**Task item**
The required output is the exact run of lines in the listing below from the line holding "灰色背景下的迷人中年亚裔男子肖像特写" through the line holding "Used 2025 Chrysler Pacifica Select image 22", with no pictures.

**Exercise inputs**
----------------------------------------
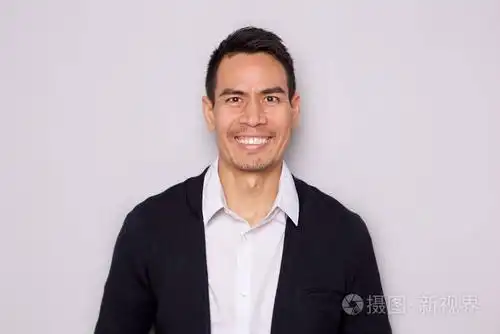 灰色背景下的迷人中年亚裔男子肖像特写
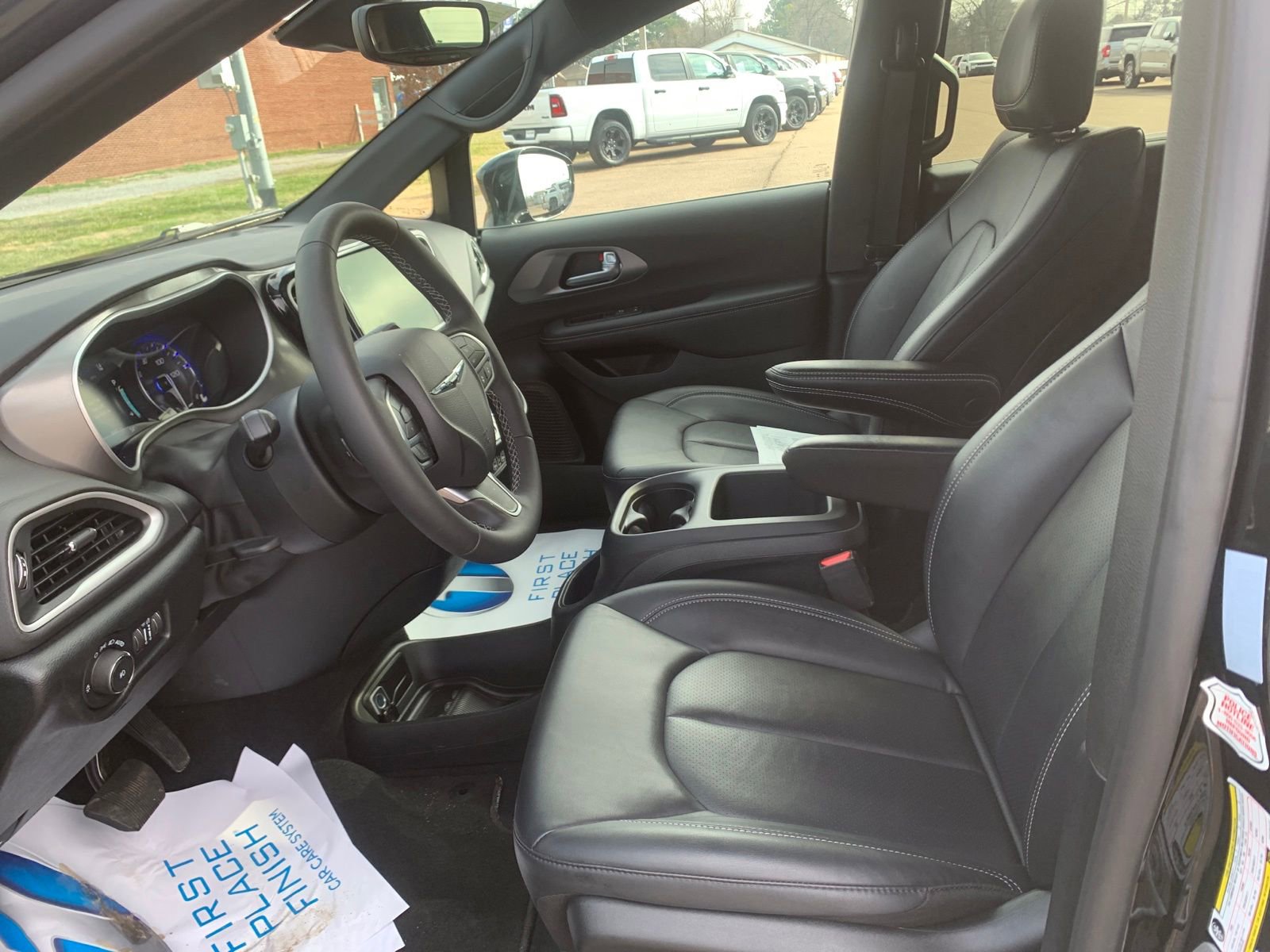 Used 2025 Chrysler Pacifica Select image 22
----------------------------------------
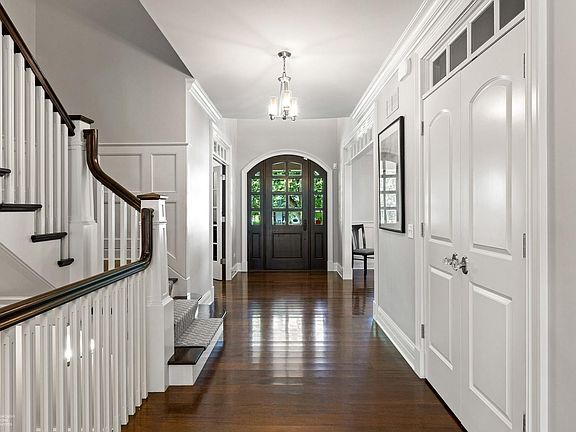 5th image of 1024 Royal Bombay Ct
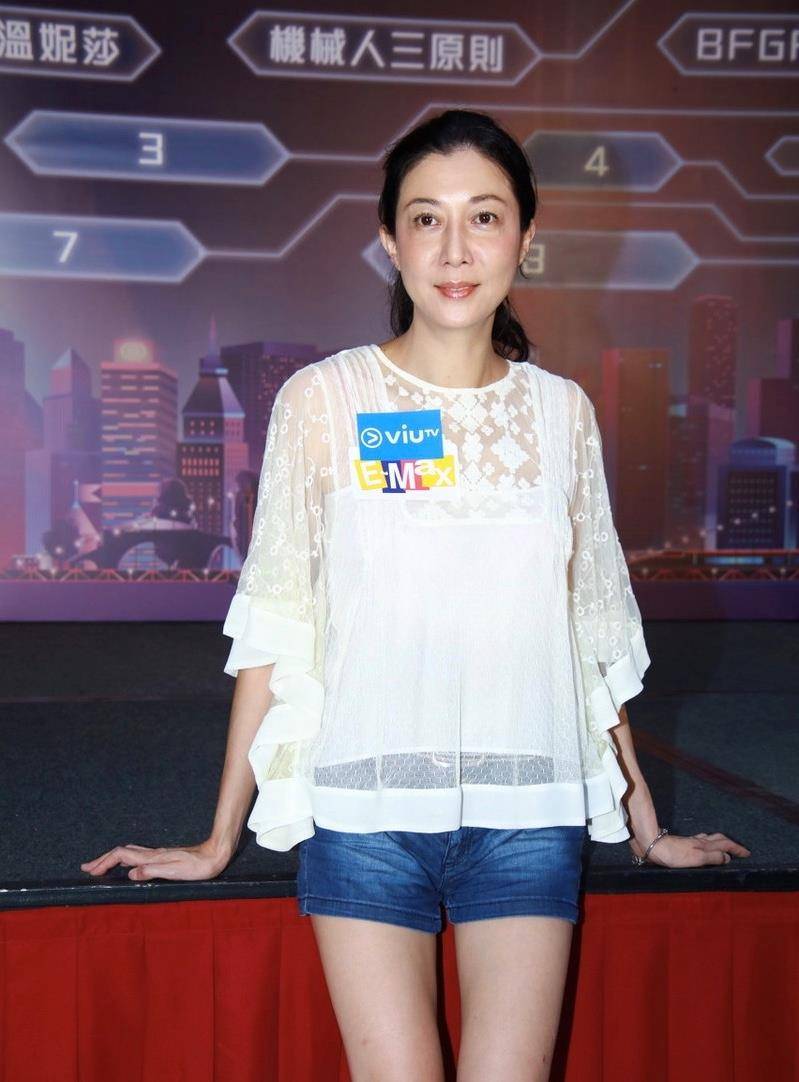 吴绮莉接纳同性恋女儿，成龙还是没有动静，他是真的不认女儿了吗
----------------------------------------
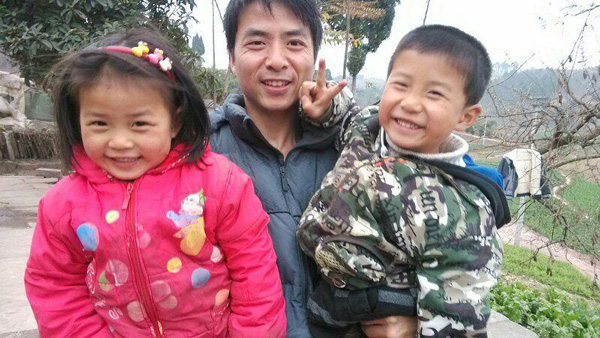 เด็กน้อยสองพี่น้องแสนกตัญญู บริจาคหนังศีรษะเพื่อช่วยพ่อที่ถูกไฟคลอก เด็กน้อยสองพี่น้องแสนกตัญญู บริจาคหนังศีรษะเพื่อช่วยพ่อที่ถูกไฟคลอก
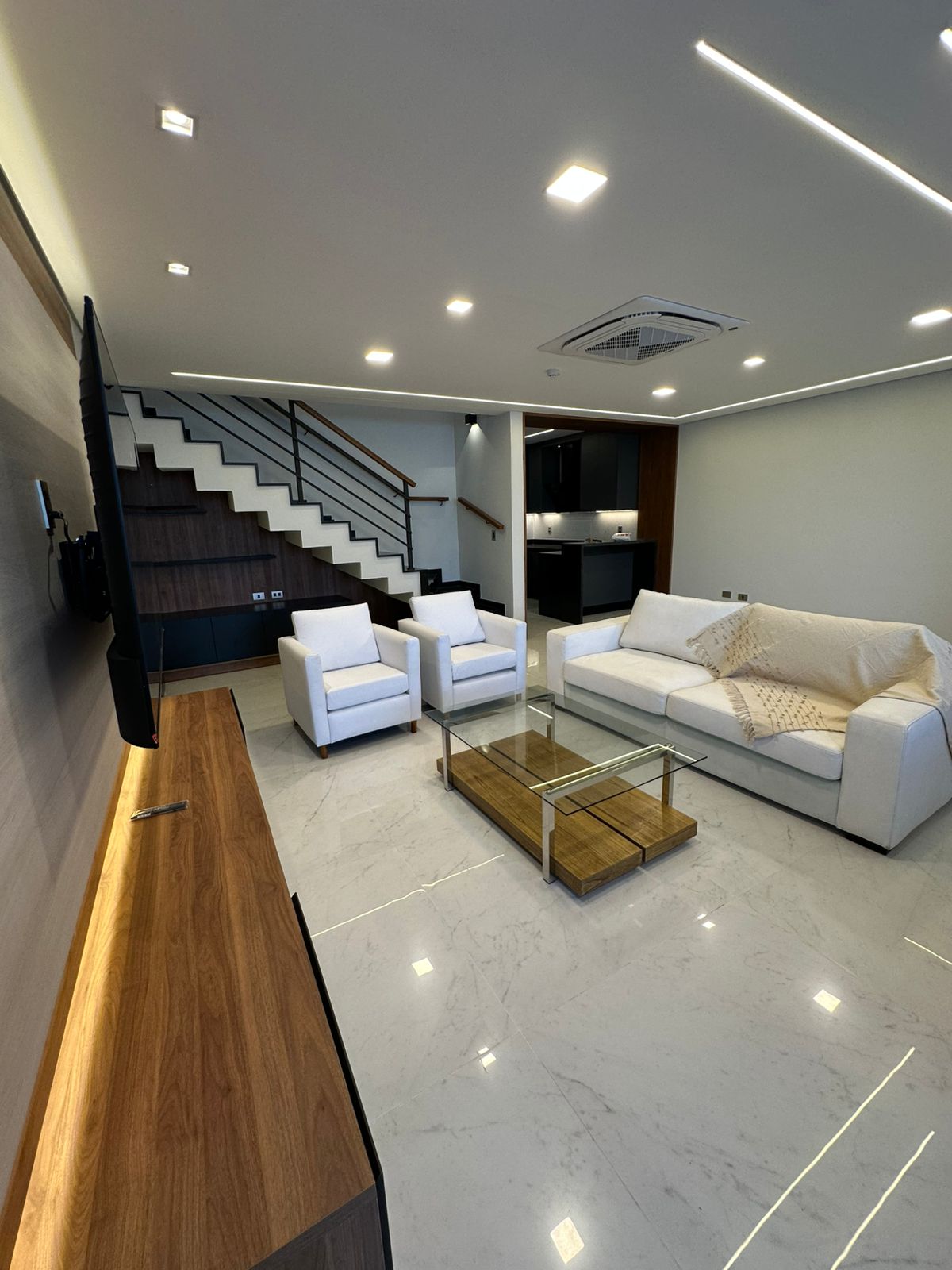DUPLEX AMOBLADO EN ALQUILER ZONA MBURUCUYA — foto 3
----------------------------------------
**Solution to this problem**
 灰色背景下的迷人中年亚裔男子肖像特写
 Used 2025 Chrysler Pacifica Select image 22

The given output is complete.